Al llegar al Lago Malawi tuvimos la sensación de
estar frente al mar. Había olas, playas de arena y era inmenso: no se veían las
orillas, sólo la línea del horizonte. El lago tenía 550km. de longitud y 75km.
de anchura, con una profundidad de 700m. en algunas zonas. Lo “descubrió”

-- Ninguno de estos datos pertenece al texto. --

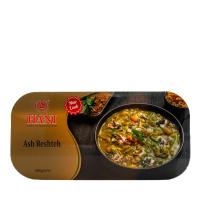 کنسرو آش رشته هانی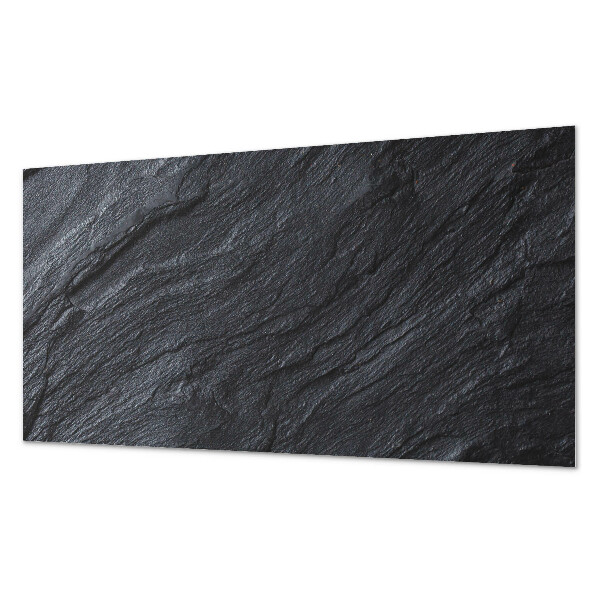 Rectangular wall panel Natural stone pattern
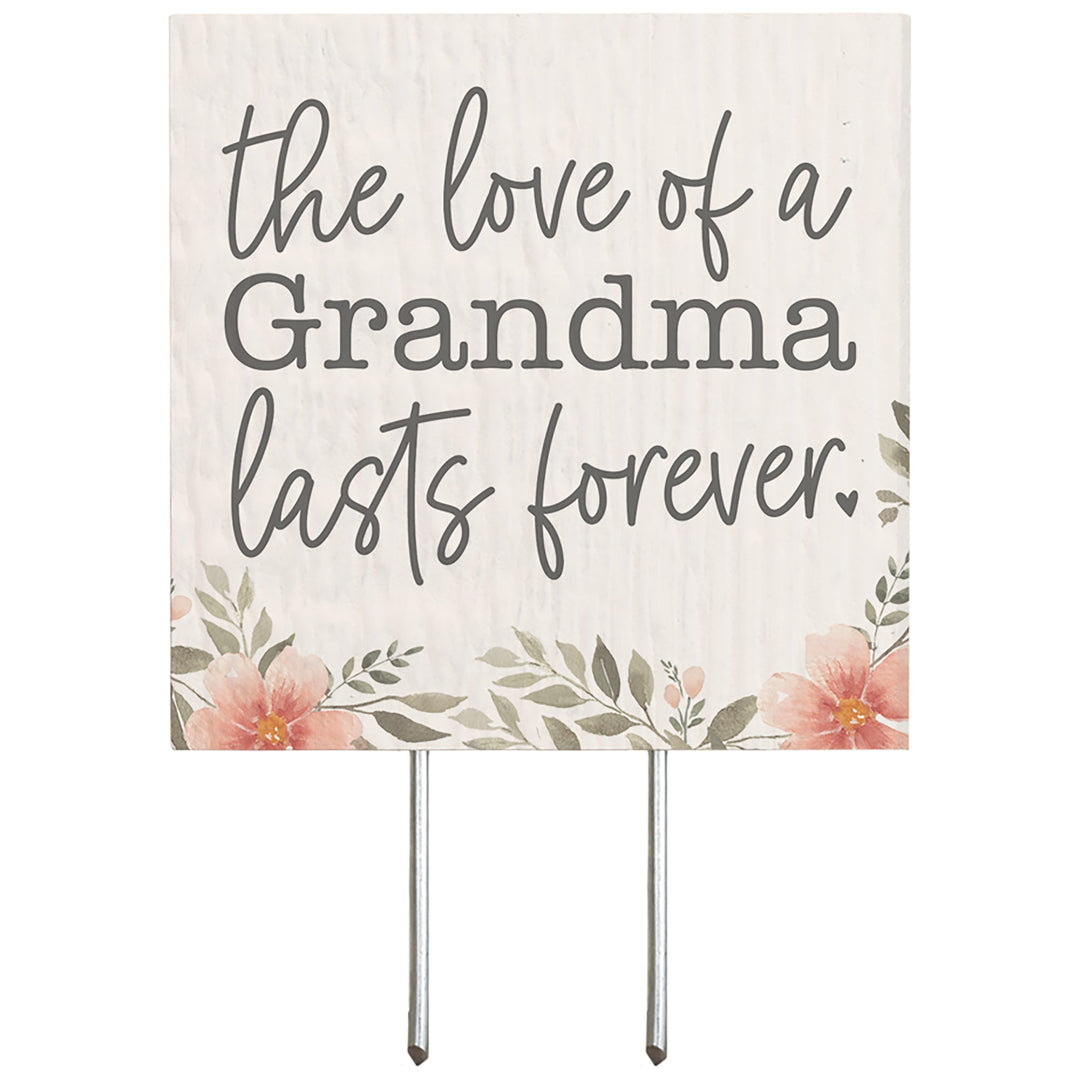Love Of Grandma PER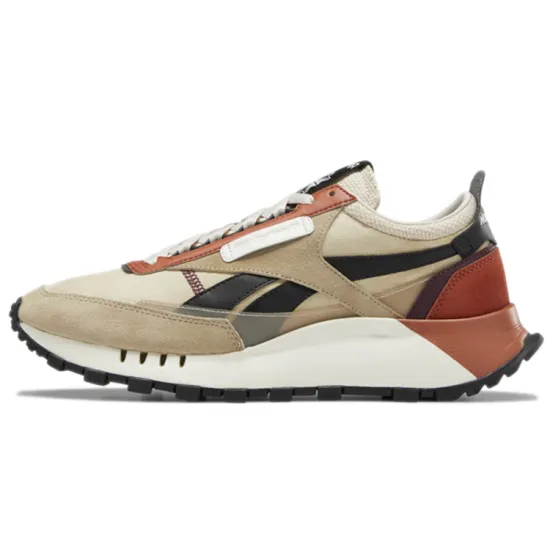 Reebok Classic Leather Legacy 'Stucco Baked Earth'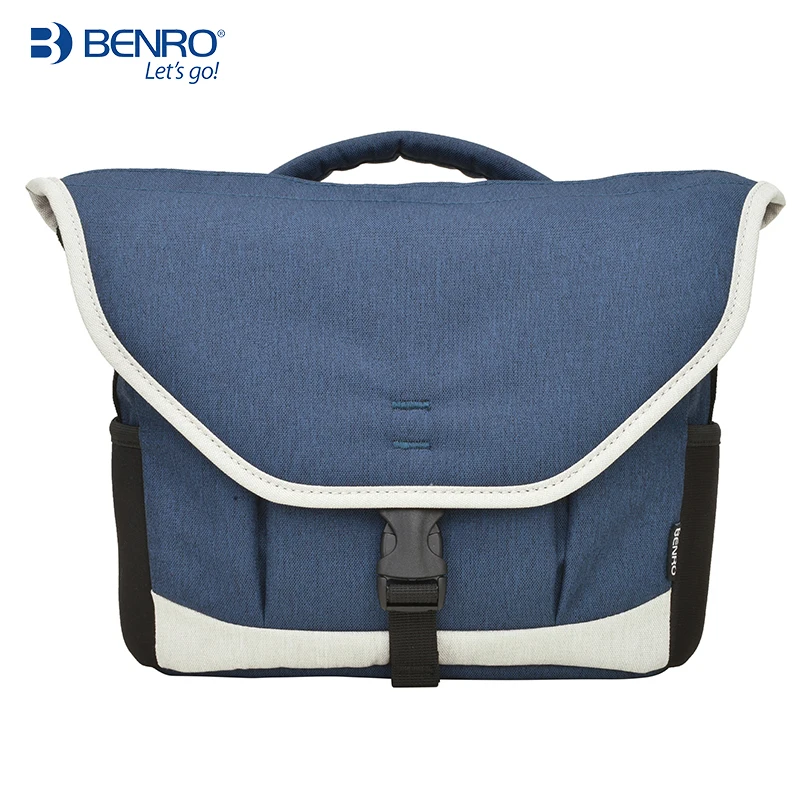 

Benro Smart II 25 Camera Bag Shoulder Bag For MAVIC Drone Waterproof Camera Case For Nikia Canon Camera Free Shipping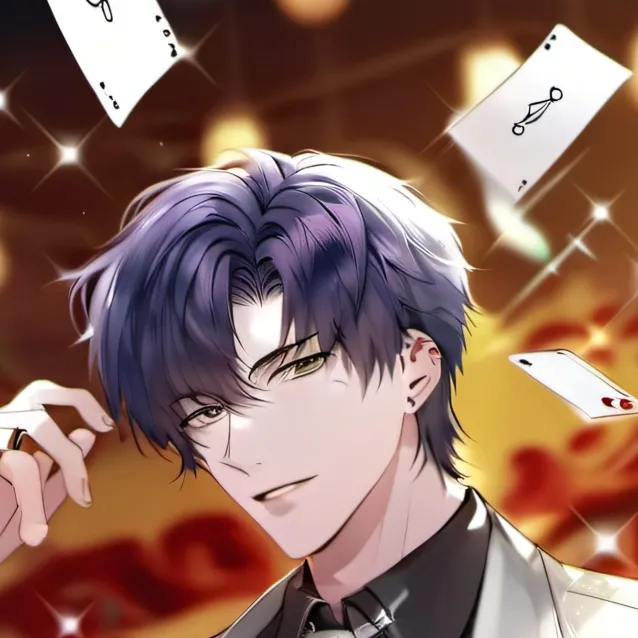 chat with ai character: Niko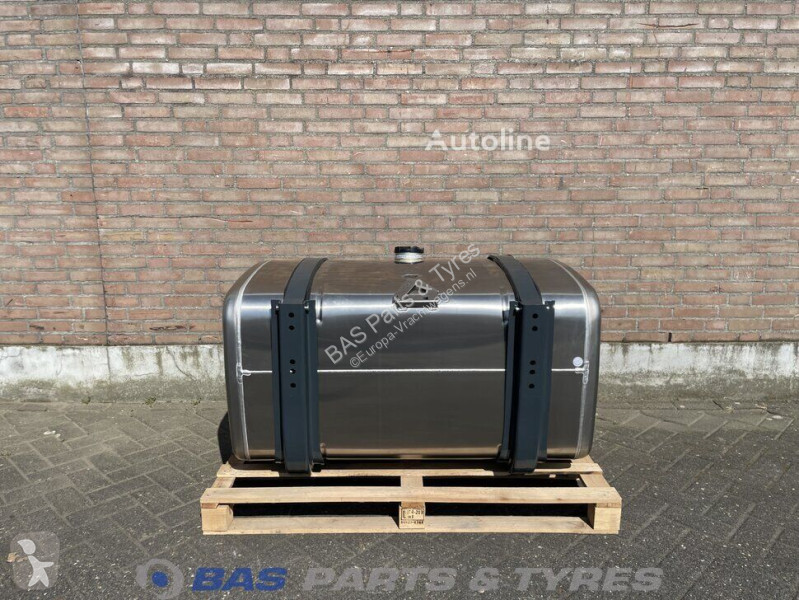 قطع غيار الآليات الثقيلة DAF 430 Liter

Livingstone en 1859 y quedó impresionado por su belleza. Como nosotros. Era el
tercer lago africano después del Lago Victoria y el Lago Tanganika.
Dentro del lago había
varias islas. Una de las paradas que hicimos fue la preciosa isla de Likoma. La guía la describía
“salpicada de bahías en forma de media luna…el relativo aislamiento del resto
de Malawi les ha permitido mantener su cultura en parte por el legado religioso
de los misioneros, pero también por la falta de población. Son 17km2
que flotan sobre las aguas cristalinas del lago...” No decepcionaba las
expectativas.
Nos alojamos en la bahía Ulisa, en uno de los extremos. En
aquella playa contamos unos catorce enormes baobabs alineados junto al agua. Pero los baobabs estaban presentes
en el interior y en toda la isla. De hecho, era el árbol que más se encontraba
en Malawi. Su corteza gris y rugosa parecía la piel de un elefante. Con la luz
del atardecer los troncos cambiaban del gris a un tono dorado intenso. Abracé
sus troncos y alguno medía casi nueve abrazos míos de circunferencia, unos
catorce metros de diámetro.
En la playa había
secaderos para el pescado y embarcaciones varadas en la arena, hechas de
troncos de árboles vaciados. Los niños jugaban a bañarse en el agua retenida en
el interior de las estrechas barcas, a modo de piscina. Nos hicieron participar
en sus juegos, y contemplamos la puesta de sol entre las copas de los baobabs.